• _Problem_
Pictures must be left out. Retype exactly the lines from the one containing "NFL LAS VEGAS" through the last line of the records below.

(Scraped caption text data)
+ + +

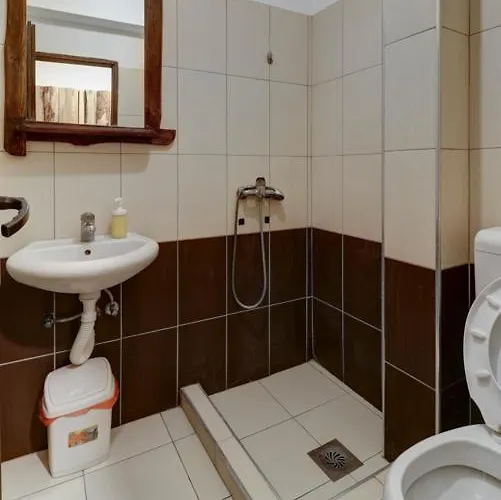 Srna Etno Selo - I Restoran Hotel *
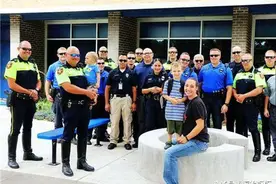 4岁男孩开学第一天竟有好多警察在找他，知道原因后感动不已图片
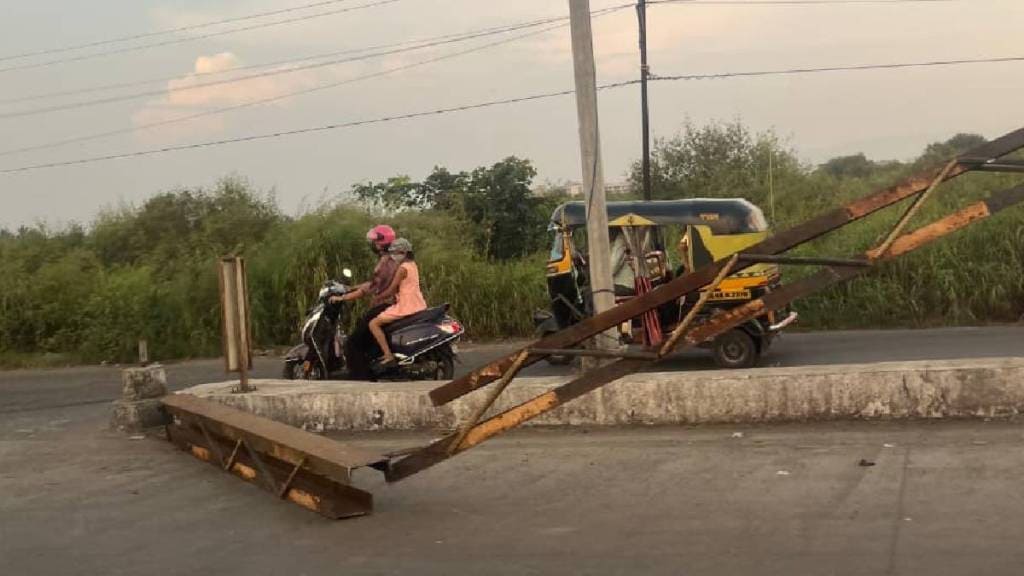 Naigaon bridge heavy vehicles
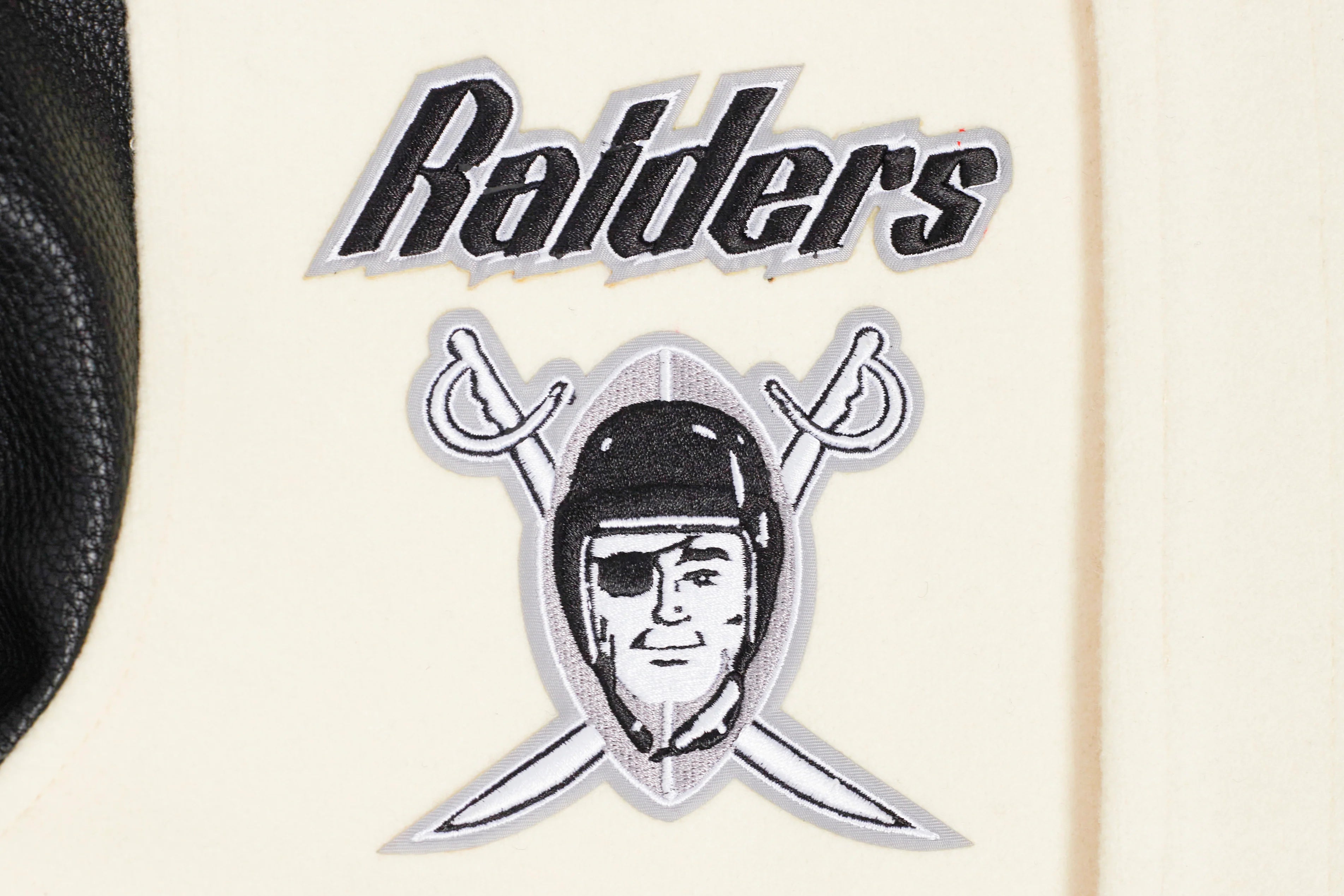 NFL LAS VEGAS RAIDERS RETRO CLASSIC BIG BOYS RIB WOOL VARSITY JACKET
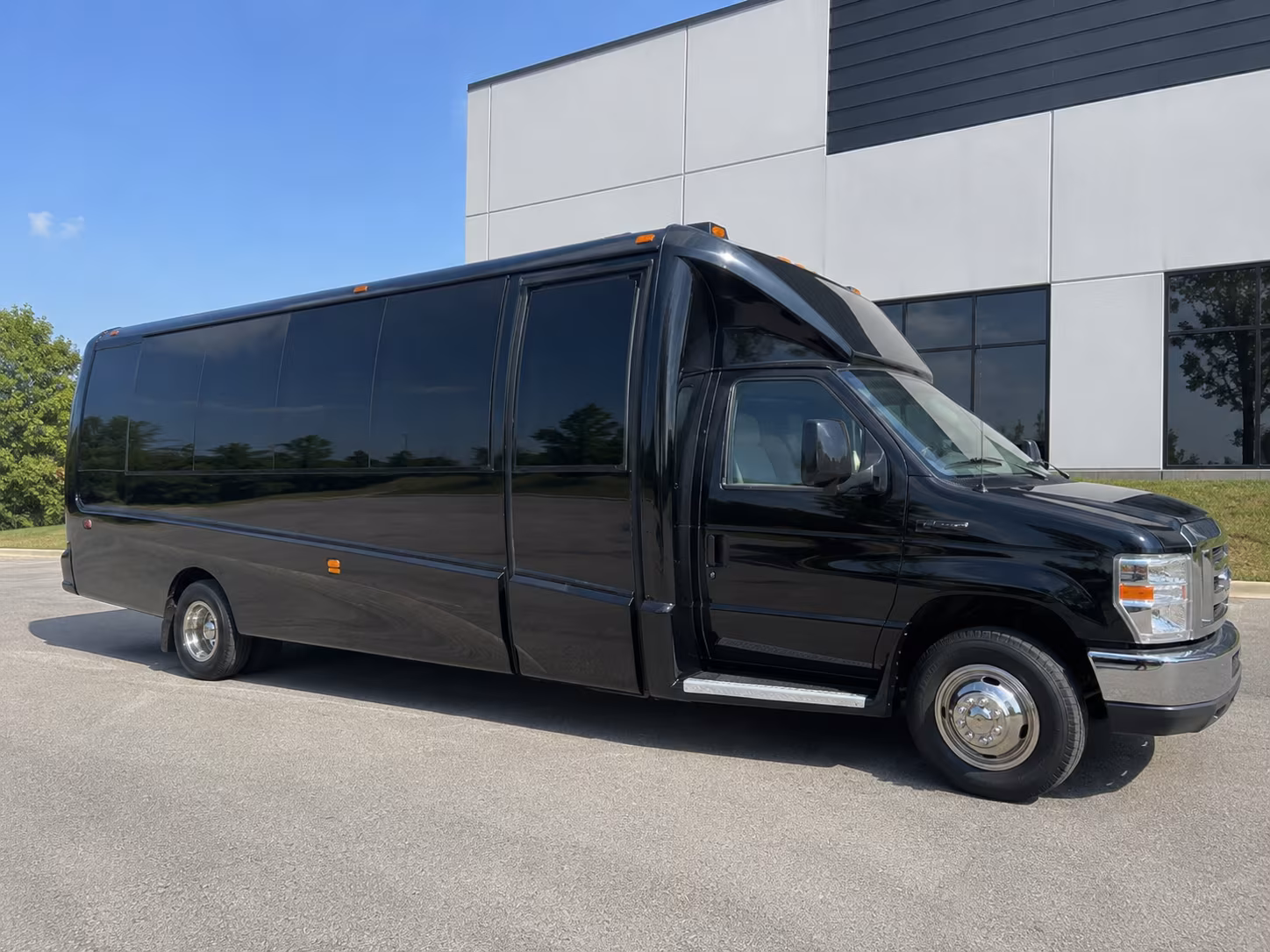 bus rentals for corporate events at venues across the sandy springs area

+ + +

• _Answer box_
 NFL LAS VEGAS RAIDERS RETRO CLASSIC BIG BOYS RIB WOOL VARSITY JACKET
 bus rentals for corporate events at venues across the sandy springs area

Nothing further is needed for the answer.